* Source data

BEGIN

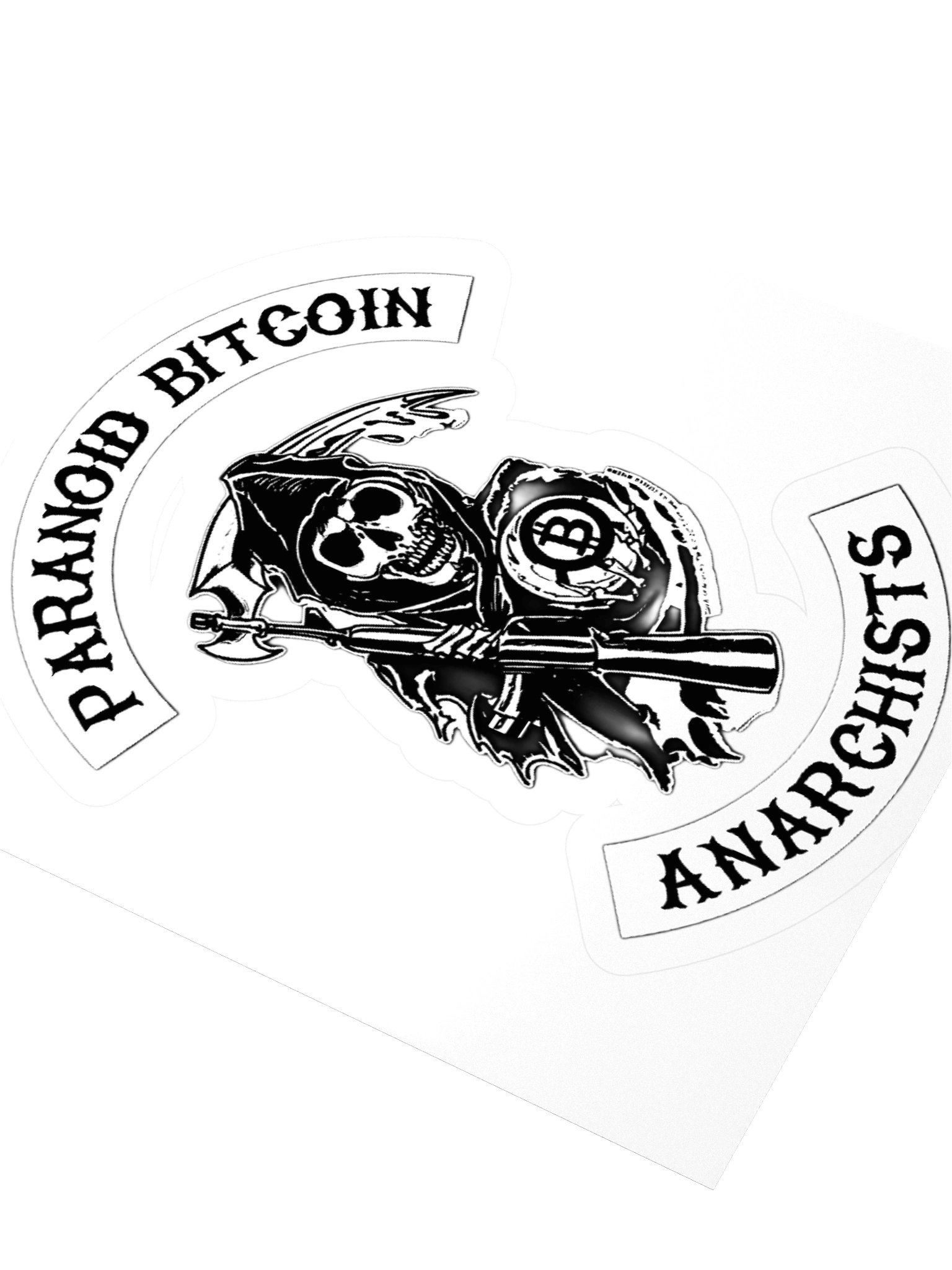 PBA Sticker product image (2)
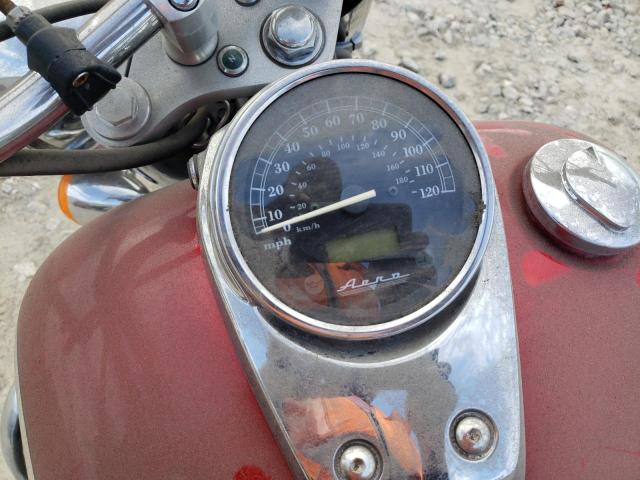 2008 HONDA VT750 CA JH2RC50488M400348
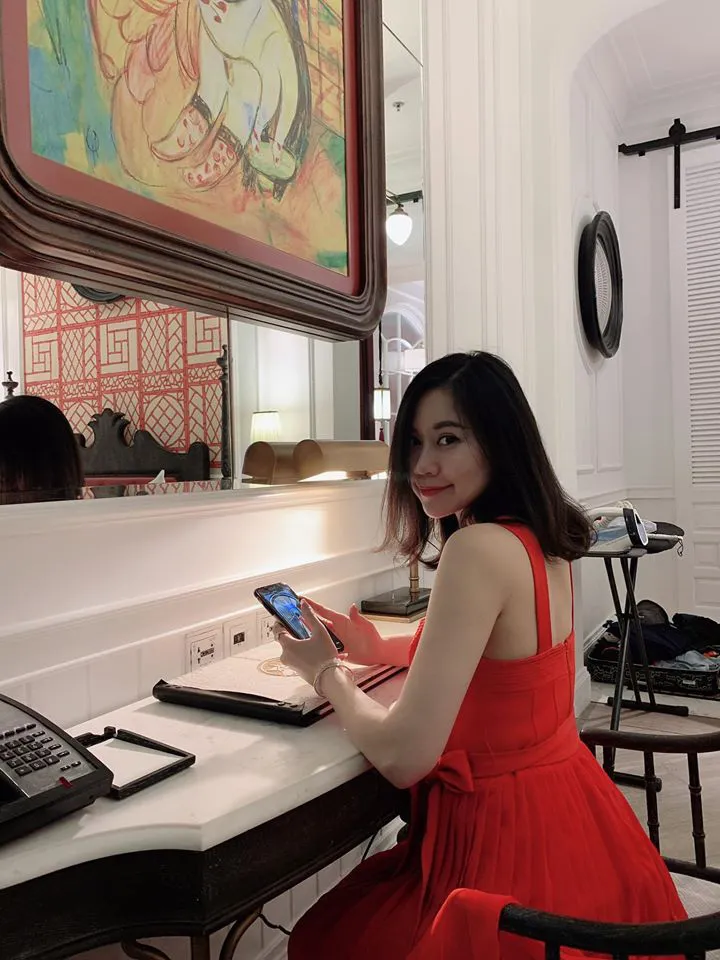 MC Tuấn Tú đưa vợ xinh đẹp đi hưởng kỳ nghỉ lãng mạn - Ảnh 5. MC Tuấn Tú đưa vợ xinh đẹp đi hưởng kỳ nghỉ lãng mạn - Ảnh 5.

END

* Task item
Word for word, give the listing above again, but drop any pictures.

* Your solution
 PBA Sticker product image (2)
 2008 HONDA VT750 CA JH2RC50488M400348
 MC Tuấn Tú đưa vợ xinh đẹp đi hưởng kỳ nghỉ lãng mạn - Ảnh 5. MC Tuấn Tú đưa vợ xinh đẹp đi hưởng kỳ nghỉ lãng mạn - Ảnh 5.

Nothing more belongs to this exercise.